As part of the new law, leaders of the Senate Select Committee on Ethics — Barbara Boxer (D-Calif.) and Johnny Isakson (R-Ga.) — won their three-year fight to require lawmakers to reveal their personal mortgage information. Under the new disclosure rules, lawmakers must reveal existing mortgages for personal residences.

Area lawmakers’ mortgages

Locally, the mortgage taken out by Del. Eleanor Holmes Norton (D) on her District home is for between $100,000 and $250,000. Rep.
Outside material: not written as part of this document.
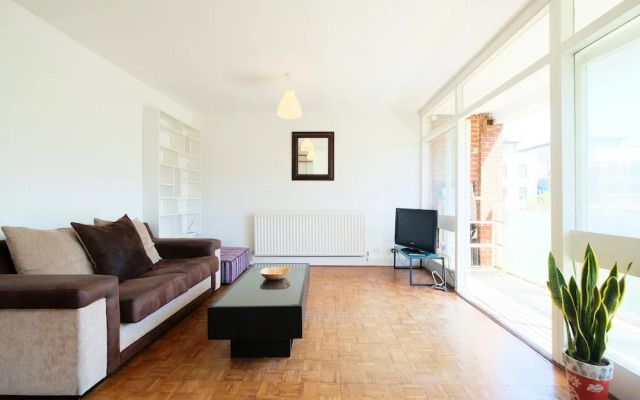 Bright and Spacious 2 Bed Apartment - Sleeps 4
Frank R. Wolf (R-Va.) reported a mortgage in the same range on his Fairfax County home and another on a condo in Lee County, Fla.
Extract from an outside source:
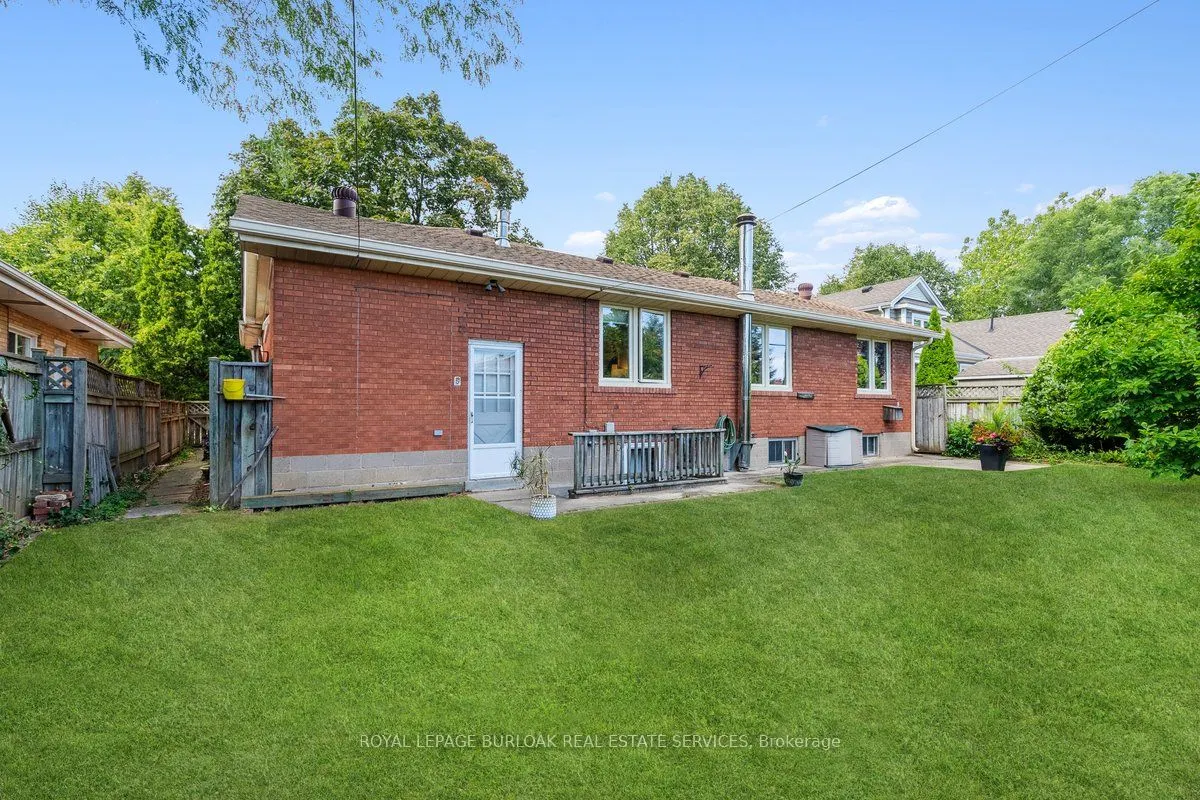 1424 Alfred Crescent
Rep. Gerald E. Connolly (D-Va.) also has two mortgages – one for $250,000 to $500,000 on his home in Virginia and one for $15,000 to $50,000 on a rental property on Cape Cod that he has owned for 30 years.

House Minority Whip Steny H. Hoyer (D-Md.), who initially omitted his mortgage and then filed an amended report, said he owed between $100,000 and $250,000 on his Mechanicsville home. Rep. Donna F. Edwards (D-Md.) reported two mortgages – one for $100,000 to $250,000 in Fort Washington and one for $500,000 to $1 million in Oxon Hill – as well as a home-equity line of credit between $15,000 and $50,000.
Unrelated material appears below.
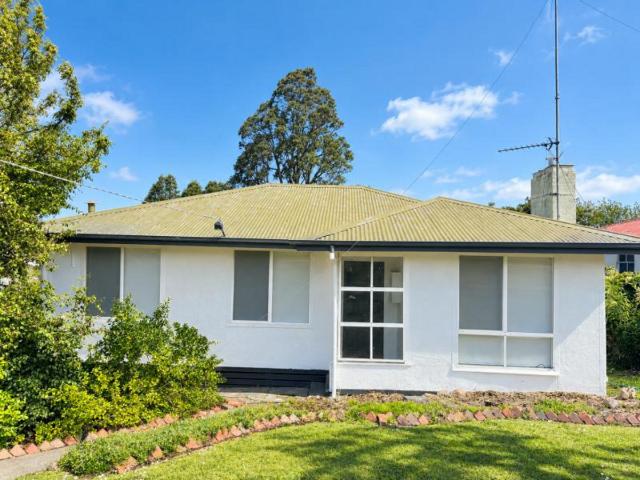 CLOSE LOCATION TO SHOPPING AND SCHOOLS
Rep. Roscoe G. Bartlett (R-Md.), who owns multiple rental properties and a farm, reported assets worth between $2.3 million and $9.1 million, including at least $250,000 in precious metals. Rep. Chris Van Hollen (D-Md.) said he had three mortgage loans of between $250,000 and $500,000 apiece on his residence in Kensington.

For Rep. James P. Moran Jr. (D-Va.), the disclosures show the continued toll taken on his finances by his divorce last year from his third wife, LuAnn Bennett.

As recently as 2009, according to the Center for Responsive Politics’ tally, Moran had assets worth between $1.9 million and $7.2 million, and liabilities of between $850,000 and $1.75 million. But his new forms show that he had almost no reportable assets left at the end of 2011.